Ciao, I have several columns that represents scores. I want to estimate models where each SCORE is a function of STUDYTIME. So I want to run as many models as there are SCORE columns all simple models that are functions of STUDYTIME. Then I want to store the coefficients of STUDYTIME in a new column that has rownames equal to the SCORE column name. And last of all I am not sure of how to do clustering on the linear models because STUDENTS are each in the data two times.
Here is my replicating example. This is the data I have now:
df <- data.frame(replicate(5, rnorm(10)))
df[1]<-c(1,1,2,2,3,3,4,4,5,5)
colnames(df) <- c('student','studytime', 'score1','score2','score3')

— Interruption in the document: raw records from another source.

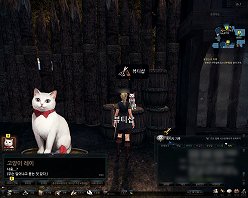 画像集#020のサムネイル/「マビノギ英雄伝」のキャラはこんなところまで作り込まれているのか!? キャラメイクで変更できる項目を細かくチェックしてみた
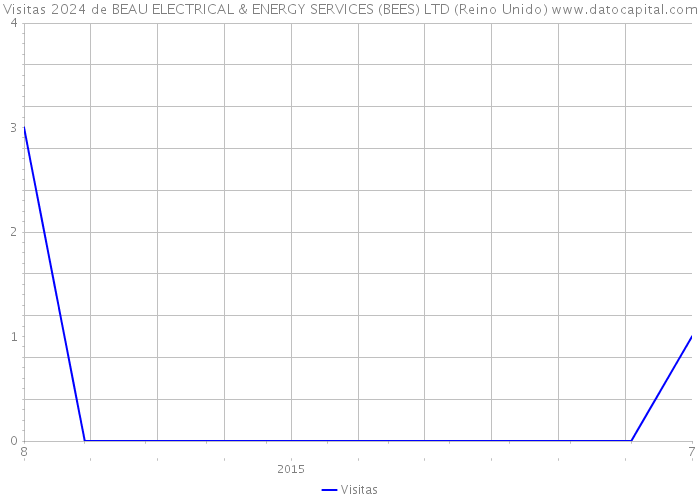 Visitas 2024 de BEAU ELECTRICAL & ENERGY SERVICES (BEES) LTD (Reino Unido) 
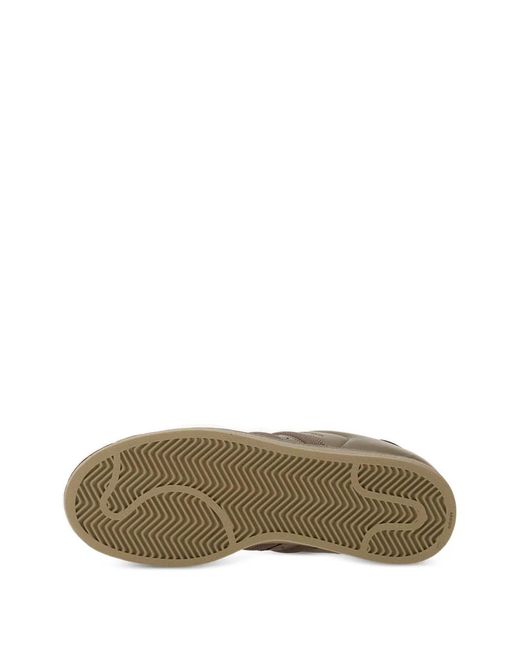 Adidas Brown Superstar Ii Sneakers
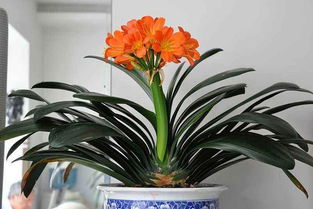 君子蘭的養(yǎng)花注意事項(xiàng)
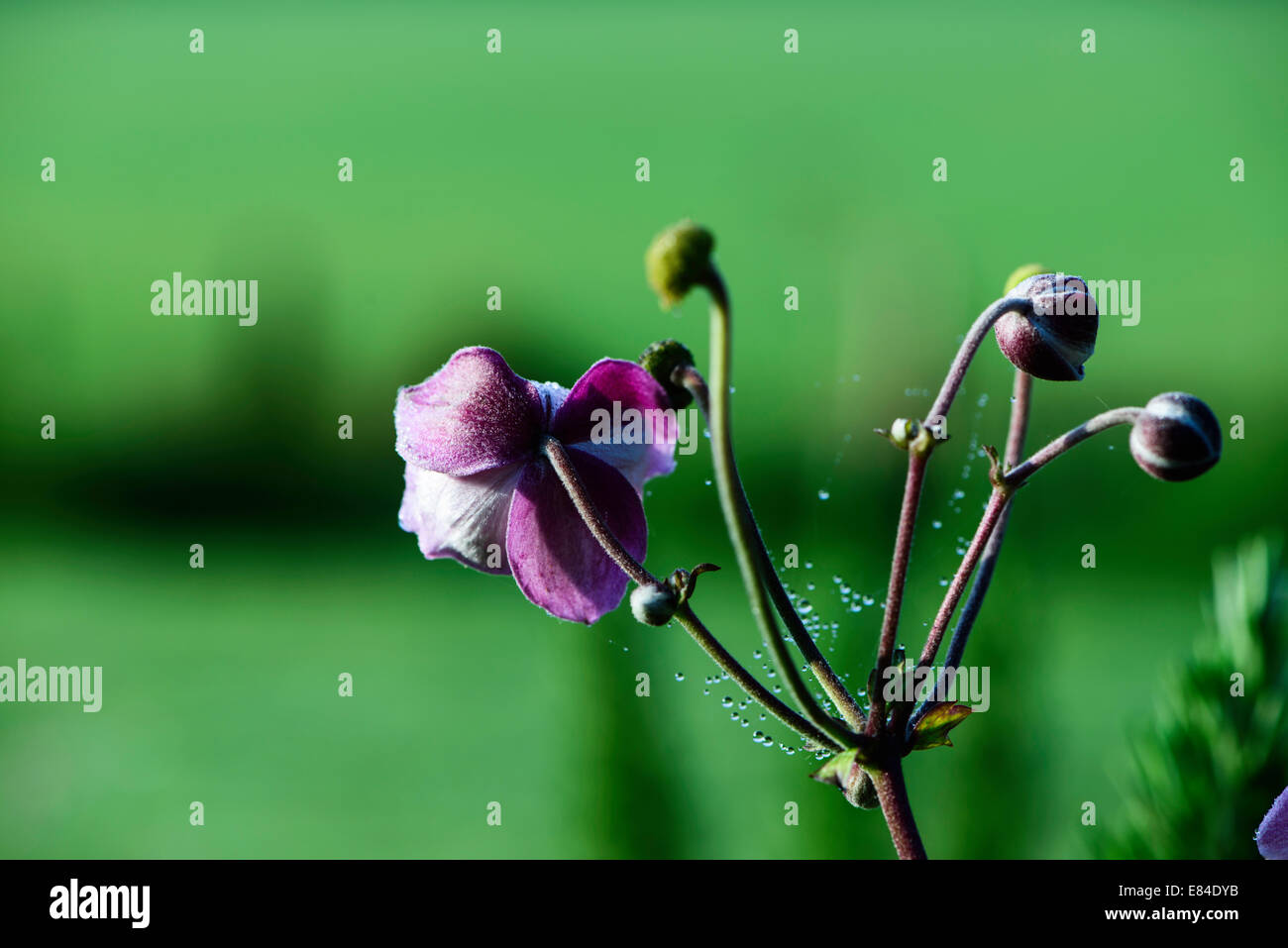 Fiore rosa da dietro con ragnatele coperte di rugiada mattutina contro lo sfondo di colore verde dei campi e il fogliame. Foto Stock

This is my attempt at the coding:
for (i in 1:nrow(df)) {
dfx <- df[,i]
lm <- lm(dfx[,3:5] ~ study_time)
resdat[,i] = summary(lm)$coefficients[2]
}
You can do this using simply lapply
and sapply
function.
Here is the r code:
Generating Data
df <- data.frame(replicate(5, rnorm(10)))
df[1]<-c(1,1,2,2,3,3,4,4,5,5)
colnames(df) <- c('student','studytime', 'score1','score2','score3')
Storing Results
Results <- lapply(df[, -c(1,2)], FUN = function(x) lm(x ~ df$studytime))
Coef <- sapply(Results, FUN = coefficients)